Mit dem Beschluss im Juli 2005 über die Eigenkapitalerhöhung in Höhe von 300 Millionen Euro hat das Kabinett der Landesbank zwar kurzfristig ein akzeptables Rating ermöglicht, aber das Grundproblem ihrer Daseinsberechtigung und damit ihrer langfristigen Entwicklungsstrategie blieb bestehen. Zu diesem Zeitpunkt wäre es jedoch noch möglich gewesen, die Sackgasse einer eigenständigen sächsischen Landesbank zu verlassen und sich aus einer Position der relativen Stärke einen Partner zu suchen. Stattdessen wurde die neue geschäftspolitische Strategie des damaligen Vorstandes gestützt. Sie setzte notgedrungen noch stärker auf Provisionsprodukte, die nur einen geringen Eigenkapitalbedarf haben.
Während die Risiken im Geschäft mit dem heimischen Mittelstand ausführlich gewürdigt wurden, hat der Vor
stand die Risiken der komplizierten internationalen Finanzprodukte nie in seiner ganzen Dimension in den zuständigen Gremien deutlich gemacht. Statt solider Banktätigkeit im Interesse der sächsischen Wirtschaft wurde mit den Steuergeldern der Bürger buchstäblich gezockt.

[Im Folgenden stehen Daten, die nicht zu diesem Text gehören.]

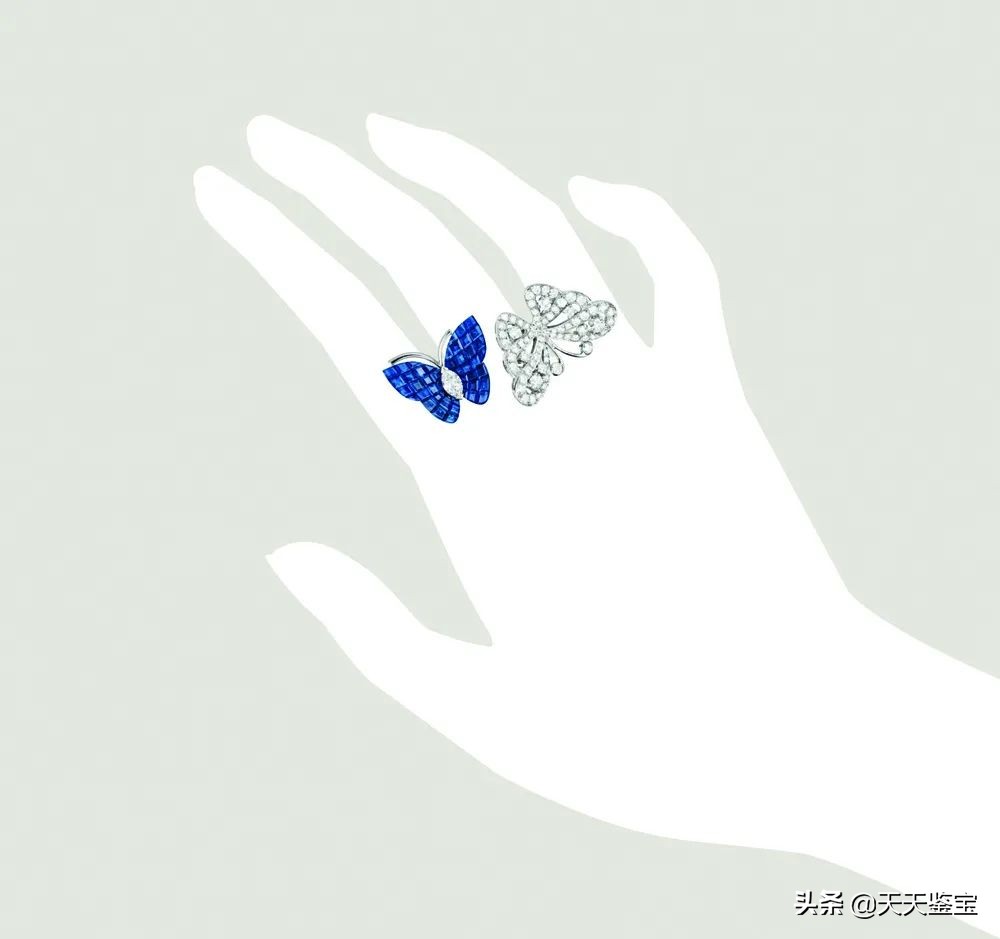 梵克雅宝复古,梵克雅宝夏日风情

Die mit der Gründung der Sächsischen Finanzgruppe angestrebte vertikale Integration der öffentlich-rechtlichen Kreditinstitute hat sich nicht erst seit heute als Versuch bestätigt, den Erhalt der Landesbank zu sichern. Man hat den Eindruck, auch hier hat sich das Mittel zum Selbstzweck gewandelt.
Bei dieser Gelegenheit möchte ich sehr deutlich an den Volksentscheid „Pro kommunale Sparkasse“ erinnern. Wir Sozialdemokraten haben einen erheblichen Anteil daran, dass dieser Volksentscheid erfolgreich war.
Knapp 85 % waren für den Erhalt kommunaler Sparkassen, der Sparkasse vor Ort. Denn damit wird eben die Daseinsvorsorge, die kommunale Identität bewahrt und gesichert. Das Ergebnis hat uns allen, ich korrigiere, hätte uns allen zeigen müssen, was die Sachsen wollen und was nicht. Sie wollen nicht die Zielvorstellungen des ehemaligen Finanzministers und jetzigen Ministerpräsidenten, die Sparkassen durch den Schulterschluss auch mit der Landesbank im europäischen Bankenwettbewerb konkurrenzfähiger zu machen. Wie weit diese Konkurrenzfähigkeit gereicht hat, sehen wir heute. Heute müssen Probleme gelöst werden, deren ursprünglich schleichende Entwicklung schon vor Jahren begann. Die politische Verantwortung eines damaligen Finanzministers Georg Milbradt könnte sich auch mit in das Amt des Ministerpräsidenten geschlichen haben.
Hätte der Freistaat im Juni 2007 die Landesbank für – sagen wir einmal – 1,5 Milliarden Euro verkauft, dann hätte sich der Ministerpräsident als großartiges Finanzgenie feiern lassen, das diesen Deal im Alleingang eingefädelt hat Den Ruhm hätte er allein eingestrichen. Heute müssen wir mit 2,75 Milliarden Euro die möglichen Ausfälle der Landesbank absichern. Der Ministerpräsident lässt sich als Retter in der Not feiern, der das Schlimmste gerade noch verhindert hat. Die Differenz zwischen diesen beiden Jubilarien lässt sich eindeutig beziffern: 4,25 Milliarden Euro. Damit ist der politische Dispositionskredit des Ministerpräsidenten bis zum Anschlag ausgereizt. Die Verantwortung für das Desaster möchte er gern auf mehrere Schultern verteilen. Der kühl kalkulierende Ökonom hätte den Gewinn im wahrsten Sinne privatisiert und will jetzt die Verantwortung sozialisieren.
An dieser Stelle kann aber auch die Frage nach der Verantwortung der Aufsichtsgremien gestellt werden. Wie wollen aber Mitglieder von Aufsichtsgremien verstehen,
was in einer Bank passiert, wenn sie von den zu kontrollierenden Akteuren an der Nase herumgeführt werden?